No deja de quedarme un sabor amargo por esas ausencias. ¿Se habrá desplazado hacia otros sitios esa magia?
No sé si la segunda mitad de la década del noventa fue mejor a esta época, pero sí estoy seguro que había algo atractivo en el hecho de que, incluso después de los desastres que implicaron las políticas implementadas por la última dictadura cívico-militar y el menemato, aún podíamos –quienes entonces entrábamos en la juventud– reconocernos en lugares que hacían a una determinada tradición de la ciudad, y que habían sido sitios emblemáticos de generaciones anteriores.
La crisis económica ha transformado el café con leche en un bar o las porciones de muzza con faina y pintas de cerveza en una pizzería casi en un lujo que sólo algunos pueden darse de tanto en tanto. Ni qué hablar de comprarse libros, sobre todo si vienen de España. Es común escuchar que cada vez se lee menos y que lo digital va enterrando lo analógico, que las series han matado el cine de autor, los films clásicos, de culto. Sin embargo, las librerías perviven y aún se sostienen algunas salas de cine en donde proyectan films fundamentales y producciones independientes actuales.
Hace poco, sin ir más lejos, pude ver en la Sala Lugones una gran cantidad de films que me conmovieron, en un ciclo sobre cine francés contemporáneo, y también volver a disfrutar de una vieja película de Godard que proyectaron en el Cosmos, así como el Gaumont sigue combinando estrenos con reestrenos (disfruté mucho al ver Blondi, de Dolores Fonzi y descubrí con una década de retraso a Medianeras).

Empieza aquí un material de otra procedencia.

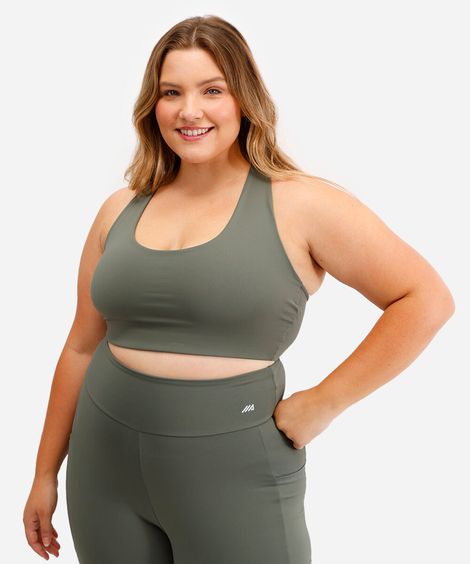 top feminino esportivo decote nadador plus size verde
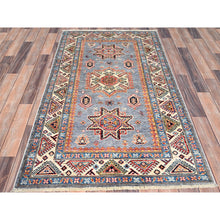 Load image into Gallery viewer, 3&#39;2&quot;x5&#39;2&quot; Ice Gray, Hand Knotted Super Kazak Geometric Design, Extra Soft Wool With Vegetable Dyes, Oriental Dense Weave Rug FWR517860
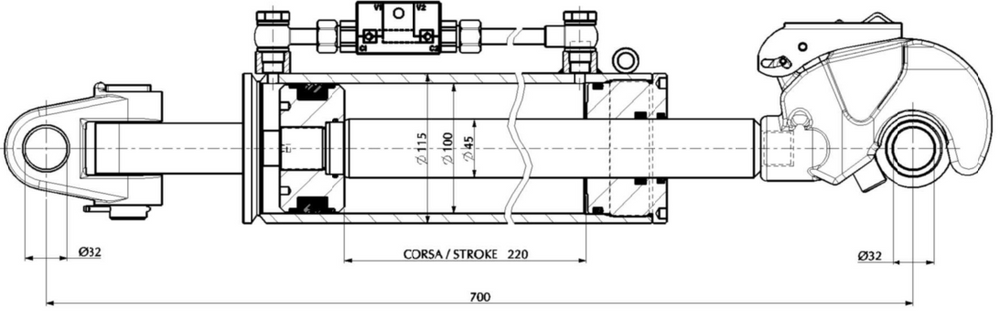 Ama Terzo punto trattore idraulico cat. III lungo 700-920mm con 2 Tubi 3/8” 2SN alesaggio 100mm - Ama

Durante las últimas vacaciones de invierno compartí el ritual con mi hija, que ya tiene doce años: fuimos a ver una peli al Gaumont y después, a recorrer librerías, antes de merendar en La ópera. Ella, que vino desde Alta Gracia, se fascinó con la sala Leonardo Favio del espacio Incaa y yo de compartir ese momento. Ella encontró en una librería de saldos un libro que venía buscando hace tiempo; yo me topé con uno de los tomos de las memorias de Simone de Beauvoir, que había leído hacía años y no había vuelto a encontrar en esa misma edición, que pude comprar por muy poca plata. De tanto en tanto recupero así libros que he leído prestados y me encantaron, y puedo sumarlos a mi biblioteca, en la que aún sigue ausente La historia de la calle Corrientes de Marechal.

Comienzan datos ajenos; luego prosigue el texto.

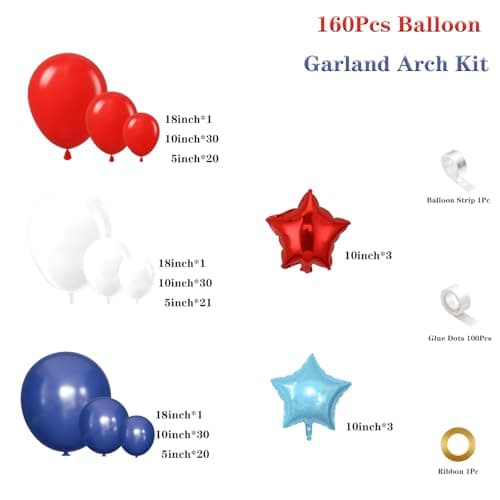 Red White Blue Balloon Garland Arch Kit 160Pcs Red White Blue Latex Balloons with Star Foil Balloons for 4th of July Nautical Patriotic Baseball Birthday Party Decorations view 2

Quizás, de acá a unas décadas, las librerías y las salas de cine se extingan, o tal vez pervivan para nichos de jóvenes curiosos y viejos incautos. Quién sabe. El mundo neoliberal, con su afán de novedad (como dijo el viejo Heidegger en tiempos del viejo capitalismo de inicios del siglo pasado), presenta como caducas muchas prácticas que han visto pasar una sucesión de formas de organización social. Todo lo sólido se desvanece en el aire, sí, pero ese mismo aire que respiramos supo inspirar obras de teatros y escrituras filosóficas y literarias que ya llevan más de dos mil años. ¡Así que atención, nostálgicos y aceleracionistas! No todo pasado ha sido luminoso y no creo que todo futuro próspero –de existir algo así próximamente– se vaya a conquistar de espaldas a los legados. Tal como enseñaron gran cantidad de maestros y maestras, Argentina ha sido un país en donde los términos de vanguardia y tradición suelen combinarse a menudo para parir lo nuevo, que, al fin y cabo, nunca es del todo nuevo.